Ellie Greenwich, who wrote songs that provided the soundtrack for a whole generation of teens, has died.
The Brooklyn-born writer joined forces with producer Phil Spector and her then-husband Jeff Barry to compose elaborately crafted “Wall of Sound” tunes for the likes of the Crystals and the Ronettes, just as the Beatles were about to lead a shift away from outside songwriters.
Working out of New York’s famed Brill Building, a haven for singer/songwriters, she also shepherded a young performer named Neil Diamond, producing his early hits “Cherry, Cherry” and “Kentucky Woman.”
All told, Greenwich’s songs sold tens of millions of copies, and yielded 25 gold and platinum records, according to the Songwriters Hall of Fame, into which she was inducted in 1991.
During 1963 alone, a year after she graduated university with an English degree, the trio hit the top-10 list with such tunes as the Crystals’ “Da Doo Ron Ron” and “Then He Kissed Me,” and the Ronettes’ “Be My Baby.” The following year, they hit No. 1 with the Dixie Cups’ “Chapel of Love.”
I actually had a lot of those songs — they came on these little plastic discs called “45’s” — and listened to them for hours on AM radio when I was in grade school. I never gave a second thought as to who wrote them.
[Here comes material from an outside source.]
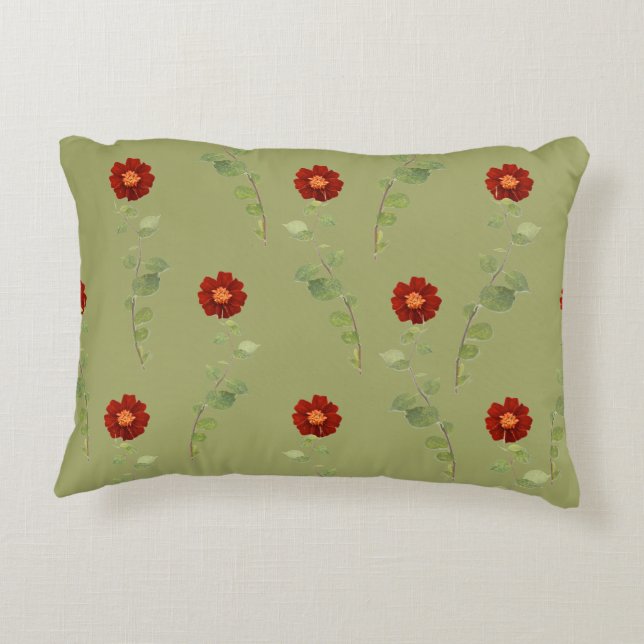 Burgund Blume und grün: Dekokissen (Rückseite)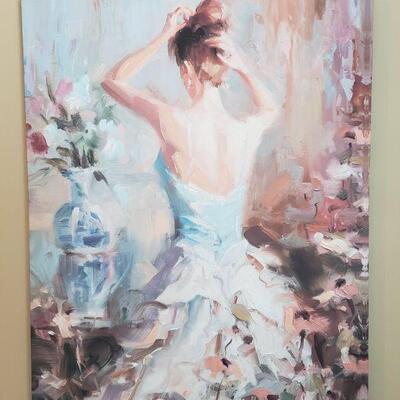 https://ctbids.com/#!/description/share/682385 Canvas depicting woman getting ready for something special. 22x28. Excellent condition.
But Ms. Greenwich was a real pioneer; the pop music business is a tough world for anybody, and it must have been especially hard for a young woman in the early 1960’s.
“It wasn’t that accepted back then — a female being in that end of the business,” Greenwich said.
Even today, women usually break into the industry as singers. Greenwich was a good singer, but her Midas touch as a writer and producer earned her a perch in the Brill Building, New York City’s famed pop-music factory, along with Carole King. Greenwich told NPR that the girl groups she produced were not always happy about a woman being in charge.
“At first it was like, ‘Well, who does she think she is, giving us orders here or telling us what to do?’ ” Greenwich said. “But on the other end, if you were very open to them, they saw you could be their friend, and then it became an asset to be a woman dealing with girl groups.”
Thanks for the music, Ellie. You made a difference.